The Layer by Layer method, also known as the beginners method, is a method of solving the 3x3x3 Rubik's Cube. Many beginners' methods use this approach, and it also forms the basis of the CFOP speedcubing technique.

History
The Layer by Layer Method was pioneered by David Singmaster in his 1980 book Notes on Rubik's "Magic Cube". The same idea was adopted by James G. Nourse in his The Simple Solution to Rubik's Cube which became the bestselling book of 1981, and similar approaches could be found in Don Taylor's Mastering Rubik's Cube and Cyril Östrop's Solving the Cube from the same era.

Method
The method begins with the puzzle solver making a cross on one face with the edge pieces ensuring that all edge colours match the adjacent center colours (step 1 in the diagram below), then putting the corners into position between the edges (step 2). By then, the layer should be solved. In step 3, the four edge pieces of the middle layer are solved. At this point the first two layers are solved. In step 4, a cross of the opposite color is made on the last layer. For step 5, the last layer edges are permuted (swapped around). In step 6, the last layer corners are permuted. Finally, the last layer corners are oriented.
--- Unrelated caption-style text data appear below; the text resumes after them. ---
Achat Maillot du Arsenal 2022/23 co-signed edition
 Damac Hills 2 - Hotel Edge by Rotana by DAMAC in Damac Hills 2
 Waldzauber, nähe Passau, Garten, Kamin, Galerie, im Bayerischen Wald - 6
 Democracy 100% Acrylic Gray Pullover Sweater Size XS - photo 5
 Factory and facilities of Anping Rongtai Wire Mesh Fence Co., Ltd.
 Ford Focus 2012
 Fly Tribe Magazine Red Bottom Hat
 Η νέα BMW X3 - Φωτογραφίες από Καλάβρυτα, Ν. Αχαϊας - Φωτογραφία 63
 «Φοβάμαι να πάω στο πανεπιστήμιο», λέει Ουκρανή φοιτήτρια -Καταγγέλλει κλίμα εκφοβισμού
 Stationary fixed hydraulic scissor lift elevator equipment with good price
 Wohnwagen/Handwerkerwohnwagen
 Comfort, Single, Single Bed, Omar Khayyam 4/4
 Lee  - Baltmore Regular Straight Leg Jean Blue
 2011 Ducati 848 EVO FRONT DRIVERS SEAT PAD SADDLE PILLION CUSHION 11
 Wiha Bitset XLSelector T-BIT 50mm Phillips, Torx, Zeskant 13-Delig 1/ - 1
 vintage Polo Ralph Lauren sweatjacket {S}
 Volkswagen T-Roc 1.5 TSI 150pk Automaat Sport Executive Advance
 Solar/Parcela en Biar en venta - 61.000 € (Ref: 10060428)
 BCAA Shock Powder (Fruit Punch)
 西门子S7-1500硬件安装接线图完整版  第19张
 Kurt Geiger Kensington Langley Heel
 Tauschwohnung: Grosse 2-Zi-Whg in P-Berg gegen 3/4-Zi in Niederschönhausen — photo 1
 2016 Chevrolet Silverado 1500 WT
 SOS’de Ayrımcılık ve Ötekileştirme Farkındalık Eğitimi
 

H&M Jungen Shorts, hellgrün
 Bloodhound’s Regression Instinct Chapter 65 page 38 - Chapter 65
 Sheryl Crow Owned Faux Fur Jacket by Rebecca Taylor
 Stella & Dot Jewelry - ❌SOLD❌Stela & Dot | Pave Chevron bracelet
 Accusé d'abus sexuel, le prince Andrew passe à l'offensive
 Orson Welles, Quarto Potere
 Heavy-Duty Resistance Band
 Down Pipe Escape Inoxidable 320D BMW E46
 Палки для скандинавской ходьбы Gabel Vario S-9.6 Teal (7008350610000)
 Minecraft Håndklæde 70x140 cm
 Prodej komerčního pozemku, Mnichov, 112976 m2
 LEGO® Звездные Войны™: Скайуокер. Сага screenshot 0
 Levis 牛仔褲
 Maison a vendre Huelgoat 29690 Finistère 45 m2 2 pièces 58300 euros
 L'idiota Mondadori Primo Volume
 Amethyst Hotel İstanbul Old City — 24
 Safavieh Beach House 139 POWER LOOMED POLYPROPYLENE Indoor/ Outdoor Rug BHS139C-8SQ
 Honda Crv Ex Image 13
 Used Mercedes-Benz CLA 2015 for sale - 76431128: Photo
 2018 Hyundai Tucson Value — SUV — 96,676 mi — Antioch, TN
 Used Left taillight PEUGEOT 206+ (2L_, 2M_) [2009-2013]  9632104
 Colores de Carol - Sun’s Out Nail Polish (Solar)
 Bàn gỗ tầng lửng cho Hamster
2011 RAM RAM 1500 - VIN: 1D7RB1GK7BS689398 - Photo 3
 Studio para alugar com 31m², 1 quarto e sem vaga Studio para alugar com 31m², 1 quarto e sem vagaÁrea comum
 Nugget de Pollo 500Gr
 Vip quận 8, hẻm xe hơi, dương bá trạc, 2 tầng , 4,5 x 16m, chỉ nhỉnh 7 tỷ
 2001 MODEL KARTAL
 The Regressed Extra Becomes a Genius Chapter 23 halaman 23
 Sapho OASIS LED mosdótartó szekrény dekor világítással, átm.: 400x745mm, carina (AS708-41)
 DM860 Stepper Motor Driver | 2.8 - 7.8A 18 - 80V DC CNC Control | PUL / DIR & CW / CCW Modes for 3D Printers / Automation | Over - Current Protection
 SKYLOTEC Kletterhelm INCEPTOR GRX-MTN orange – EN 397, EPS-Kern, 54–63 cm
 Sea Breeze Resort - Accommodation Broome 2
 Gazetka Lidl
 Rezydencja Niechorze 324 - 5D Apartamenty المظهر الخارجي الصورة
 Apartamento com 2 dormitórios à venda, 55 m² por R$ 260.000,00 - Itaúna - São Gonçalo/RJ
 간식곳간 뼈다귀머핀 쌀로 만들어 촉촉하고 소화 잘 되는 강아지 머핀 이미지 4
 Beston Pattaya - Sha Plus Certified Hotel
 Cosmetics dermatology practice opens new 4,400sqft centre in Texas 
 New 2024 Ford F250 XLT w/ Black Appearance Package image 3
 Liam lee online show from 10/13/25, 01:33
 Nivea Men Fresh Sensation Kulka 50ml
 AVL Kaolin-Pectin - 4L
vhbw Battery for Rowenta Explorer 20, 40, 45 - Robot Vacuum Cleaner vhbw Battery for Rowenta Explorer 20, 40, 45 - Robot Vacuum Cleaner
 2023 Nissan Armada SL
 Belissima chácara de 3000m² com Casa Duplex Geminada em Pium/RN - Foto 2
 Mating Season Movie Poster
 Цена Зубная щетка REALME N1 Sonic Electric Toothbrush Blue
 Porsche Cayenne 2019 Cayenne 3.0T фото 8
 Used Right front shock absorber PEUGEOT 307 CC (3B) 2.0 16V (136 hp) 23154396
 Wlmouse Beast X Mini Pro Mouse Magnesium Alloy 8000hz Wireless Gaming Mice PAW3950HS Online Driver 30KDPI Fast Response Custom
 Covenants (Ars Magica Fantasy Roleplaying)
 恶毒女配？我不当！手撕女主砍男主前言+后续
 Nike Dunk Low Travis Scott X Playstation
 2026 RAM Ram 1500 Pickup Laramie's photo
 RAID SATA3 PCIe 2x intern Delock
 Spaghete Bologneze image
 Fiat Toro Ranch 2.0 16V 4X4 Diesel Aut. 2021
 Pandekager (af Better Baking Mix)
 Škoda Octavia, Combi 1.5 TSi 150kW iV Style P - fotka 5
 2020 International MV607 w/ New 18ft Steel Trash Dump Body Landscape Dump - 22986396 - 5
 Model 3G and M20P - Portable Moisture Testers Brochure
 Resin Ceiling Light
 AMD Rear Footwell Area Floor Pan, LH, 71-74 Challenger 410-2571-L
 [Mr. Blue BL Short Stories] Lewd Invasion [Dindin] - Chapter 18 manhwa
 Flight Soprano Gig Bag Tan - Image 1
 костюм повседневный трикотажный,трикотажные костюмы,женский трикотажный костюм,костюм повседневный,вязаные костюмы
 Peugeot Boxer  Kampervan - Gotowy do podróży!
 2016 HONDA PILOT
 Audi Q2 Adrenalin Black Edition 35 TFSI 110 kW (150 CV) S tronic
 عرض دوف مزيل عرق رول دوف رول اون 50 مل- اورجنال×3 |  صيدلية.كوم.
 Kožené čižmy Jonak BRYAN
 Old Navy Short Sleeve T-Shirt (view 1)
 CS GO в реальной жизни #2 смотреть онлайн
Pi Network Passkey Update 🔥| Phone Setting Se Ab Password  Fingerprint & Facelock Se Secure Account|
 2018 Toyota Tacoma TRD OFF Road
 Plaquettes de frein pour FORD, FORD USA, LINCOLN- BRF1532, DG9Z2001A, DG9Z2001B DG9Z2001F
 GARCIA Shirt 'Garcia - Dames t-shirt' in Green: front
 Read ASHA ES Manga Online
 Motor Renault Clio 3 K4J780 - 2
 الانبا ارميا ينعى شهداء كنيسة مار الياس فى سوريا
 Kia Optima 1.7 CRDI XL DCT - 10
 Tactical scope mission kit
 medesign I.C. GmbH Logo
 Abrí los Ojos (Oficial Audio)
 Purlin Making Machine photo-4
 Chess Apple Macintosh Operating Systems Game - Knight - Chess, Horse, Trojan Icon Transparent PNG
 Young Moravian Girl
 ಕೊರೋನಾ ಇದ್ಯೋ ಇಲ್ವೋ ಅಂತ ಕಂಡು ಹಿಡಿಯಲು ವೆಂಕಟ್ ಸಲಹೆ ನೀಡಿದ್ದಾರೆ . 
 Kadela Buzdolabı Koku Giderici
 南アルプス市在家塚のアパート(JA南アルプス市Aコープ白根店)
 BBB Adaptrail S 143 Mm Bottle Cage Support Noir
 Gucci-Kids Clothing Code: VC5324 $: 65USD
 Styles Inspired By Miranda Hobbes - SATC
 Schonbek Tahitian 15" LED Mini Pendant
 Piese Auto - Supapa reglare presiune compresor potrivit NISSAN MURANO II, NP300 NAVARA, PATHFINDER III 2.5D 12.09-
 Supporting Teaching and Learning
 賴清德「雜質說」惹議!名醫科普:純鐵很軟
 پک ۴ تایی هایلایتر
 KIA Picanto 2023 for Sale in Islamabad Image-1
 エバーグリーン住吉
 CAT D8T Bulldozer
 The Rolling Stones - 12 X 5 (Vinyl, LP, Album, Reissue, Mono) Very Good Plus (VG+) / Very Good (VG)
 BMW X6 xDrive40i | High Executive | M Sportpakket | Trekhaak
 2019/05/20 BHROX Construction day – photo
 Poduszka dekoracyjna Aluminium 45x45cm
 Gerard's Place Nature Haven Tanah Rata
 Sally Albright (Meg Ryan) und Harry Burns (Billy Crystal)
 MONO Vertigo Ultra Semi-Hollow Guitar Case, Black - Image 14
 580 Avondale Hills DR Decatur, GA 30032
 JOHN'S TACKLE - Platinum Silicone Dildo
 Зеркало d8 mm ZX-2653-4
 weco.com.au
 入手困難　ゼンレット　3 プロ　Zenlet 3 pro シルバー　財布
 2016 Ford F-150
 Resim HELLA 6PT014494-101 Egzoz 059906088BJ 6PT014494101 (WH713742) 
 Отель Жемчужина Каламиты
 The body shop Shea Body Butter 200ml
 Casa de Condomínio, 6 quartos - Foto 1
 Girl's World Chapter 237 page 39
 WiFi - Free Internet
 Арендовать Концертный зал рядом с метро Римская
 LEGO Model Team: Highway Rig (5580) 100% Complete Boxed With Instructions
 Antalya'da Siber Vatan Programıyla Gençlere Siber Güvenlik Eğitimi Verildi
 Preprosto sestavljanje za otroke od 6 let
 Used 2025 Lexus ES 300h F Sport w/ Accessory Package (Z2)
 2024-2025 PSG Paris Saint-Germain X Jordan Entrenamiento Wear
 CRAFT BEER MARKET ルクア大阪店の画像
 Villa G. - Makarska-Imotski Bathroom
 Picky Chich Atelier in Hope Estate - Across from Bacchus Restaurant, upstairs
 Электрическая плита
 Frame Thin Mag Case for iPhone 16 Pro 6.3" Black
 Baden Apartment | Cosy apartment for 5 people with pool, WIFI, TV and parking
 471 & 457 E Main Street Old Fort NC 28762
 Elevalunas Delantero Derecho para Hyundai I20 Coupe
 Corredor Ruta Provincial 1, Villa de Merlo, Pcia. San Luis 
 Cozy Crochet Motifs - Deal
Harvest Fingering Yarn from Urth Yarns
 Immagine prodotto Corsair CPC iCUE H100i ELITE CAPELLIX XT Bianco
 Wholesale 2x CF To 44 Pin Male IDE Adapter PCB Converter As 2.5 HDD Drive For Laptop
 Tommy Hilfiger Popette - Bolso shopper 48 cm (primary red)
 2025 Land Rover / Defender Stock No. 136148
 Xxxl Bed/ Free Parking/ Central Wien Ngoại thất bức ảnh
Most Layer by Layer beginners' methods solve the first two layers using the same technique. However, there are many variant techniques for the final layer, depending on whether the corner or edge pieces are solved first. For example:
 Top layer "white cross": F' U L' U' or F R U R' U' F'
 Top layer left corner: D L D' L’ / right corner: D' R' D R
 Second layer right edge: U R U' R' U' F' U F / Left edge: U' L' U L U F U' F'
 Final layer cross (edge orientation): F R U R' U' F'
 Final layer edge permutation: R U R' U R U U R'
 Final layer corner orientation: U R U' L' U R' U' L
 Final layer corner permutation: R' D' R D

CFOP method

The CFOP speedcubing
technique, developed by Jessica Fridrich and others in the 1980s, similarly divides the puzzle into layers to be solved. However, the method uses far more algorithms and shortcuts than the beginners' methods.